§ **Dataset content**:
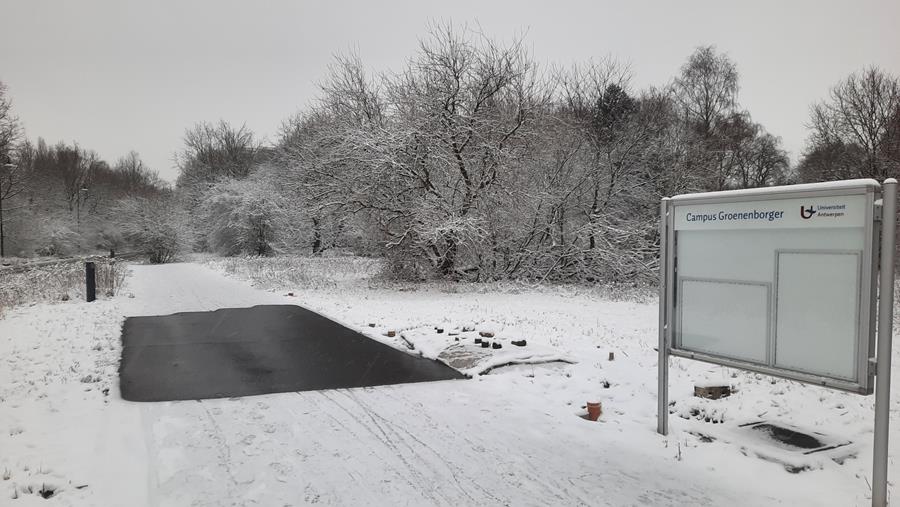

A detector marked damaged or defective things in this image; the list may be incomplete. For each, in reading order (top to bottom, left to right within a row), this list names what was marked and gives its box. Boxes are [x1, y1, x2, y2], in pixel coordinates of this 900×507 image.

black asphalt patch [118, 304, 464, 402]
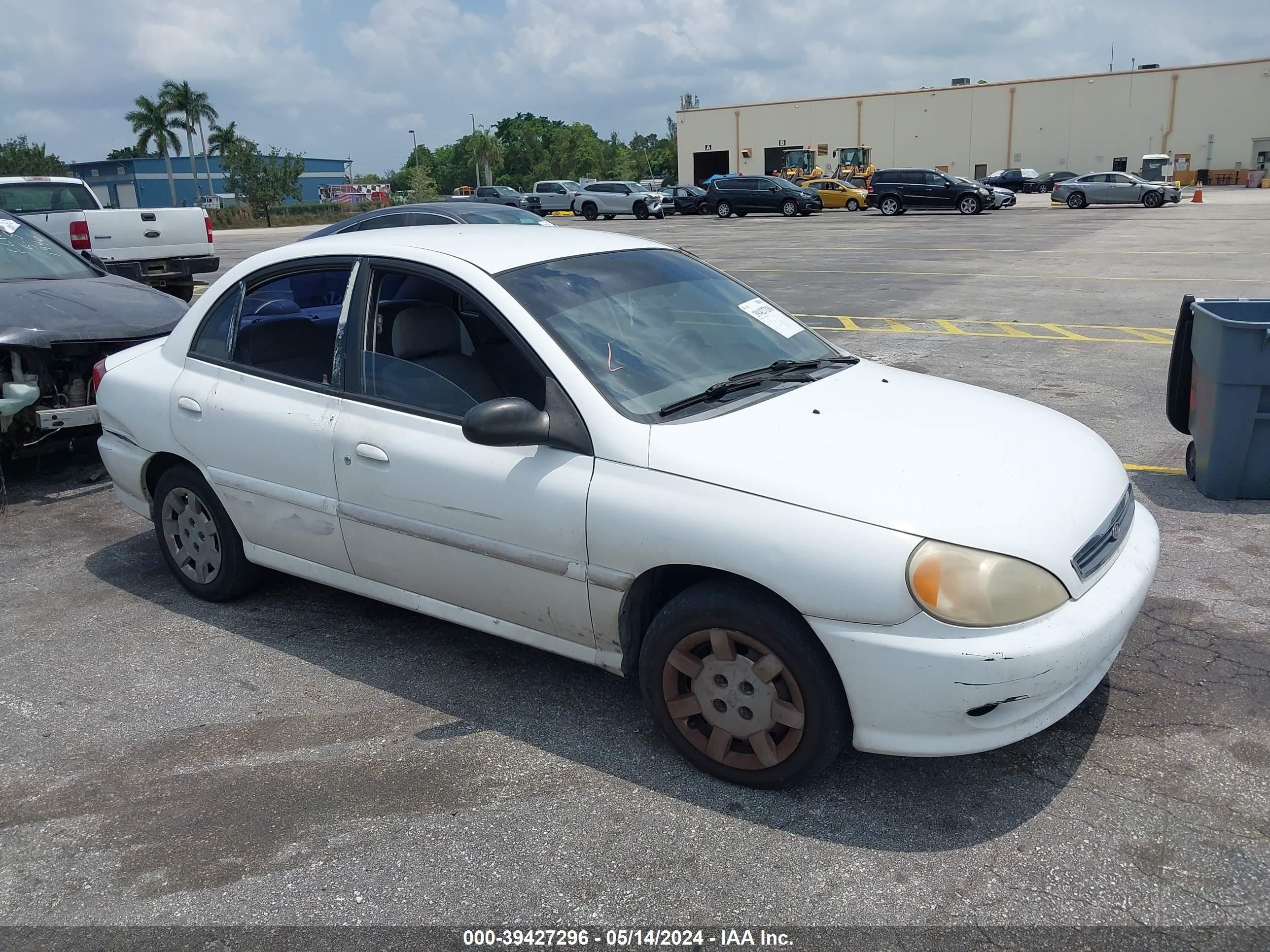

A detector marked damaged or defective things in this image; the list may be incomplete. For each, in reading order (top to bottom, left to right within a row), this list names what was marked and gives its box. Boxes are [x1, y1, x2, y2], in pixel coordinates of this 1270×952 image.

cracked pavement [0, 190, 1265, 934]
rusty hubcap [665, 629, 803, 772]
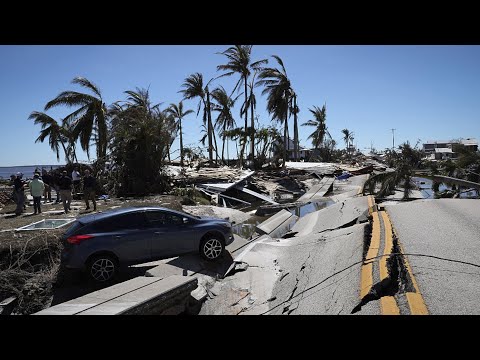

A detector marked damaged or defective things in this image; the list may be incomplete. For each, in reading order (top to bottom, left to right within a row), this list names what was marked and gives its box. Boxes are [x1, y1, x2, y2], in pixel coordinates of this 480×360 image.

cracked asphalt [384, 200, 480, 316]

§ **What the exercise asks**: The response must contain exactly the lines from the one with "this 480×360 image." through the last line of the material above, both ends included, and no others.

§ **Answer box**:
A detector marked damaged or defective things in this image; the list may be incomplete. For each, in reading order (top to bottom, left to right within a row), this list names what was marked and gives its box. Boxes are [x1, y1, x2, y2], in pixel coordinates of this 480×360 image.

cracked asphalt [384, 200, 480, 316]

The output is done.